Issues using iter_rows

[zakp...@gmail.com]

When trying to use iter_rows I get an error saying that "Worksheet object has no attribute iter_rows". I have the latest version of both openpyxl (1.5.8) and python (2.7.3) using office 2003 on windows 7. I was using the snippet of code below when the error cropped up:

from openpyxl.reader.excel import load_workbook

from openpyxl.workbook import Workbook

import time, sys

***other code***

col_name = 'A'
start_row = 1
end_row = 99

range_expr = "{col}{start_row}:{col}{end_row}".format(
    col=col_name, start_row=start_row, end_row=end_row)

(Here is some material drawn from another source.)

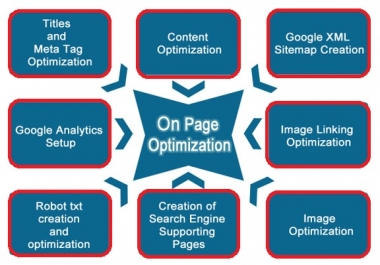 do all on site SEO work for your website or Blog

for (time_cell,) in ws.iter_rows(range_string=range_expr):

    print time_cell.value.hour 

There isn't anything extra I have to import for this to work is there? 

[Eric Gazoni]

Don't forget to load_workbook with iterators support :

workbook = load_workbook('/path/to/file', use_iterators=True)

Cheers,
Eric

Le 21/06/12 16:07, zakp...@gmail.com a écrit :

[Zak]

Ah, something so simple, thanks.

Another question, while I have an active thread, how would I go about getting values from a column? I know using iter_rows like this will pass through a column until the end of the file. My code as following is supposed to pass through column C and pull out integer values until there is no more data: 

   address = []

   col_name = 'C'

   start_row = 4

   end_row = ws.get_highest_row()+1

   range_expr = "{col}{start_row}:{col}{end_row}".format(col=col_name, start_row=start_row, end_row=end_row)

   for cell in ws.iter_rows(range_string=range_expr):

      if str(cell.value).isdigit:

         print 'it lives!!'

      else:

         print 'it doesnt!!'

   return address

But crashes at the if statement. saying that 'tuple' object has no attribute 'value'. What makes no sense to me is that the documentation uses cell.value throughout. I have a feeling im missing something terribly simple again.

[Eric Gazoni]

iter_rows returns a tuple of cell, one per row.

if you have a range that is 1-col wide, then you can do

for row in ws.iter_rows(...):
    cell = row[0]
    if str(cell.value)......

Cheers,
Eric

Le 21/06/12 16:35, Zak a écrit :

[Zak]

Hm that doesnt seem to work, it gives "IndexError: tuple index out of range" at the line:

cell = row[0] 

[Eric Gazoni]

that means your iter_rows is not retrieving anything, try to print "row" and see if that looks like what you expect.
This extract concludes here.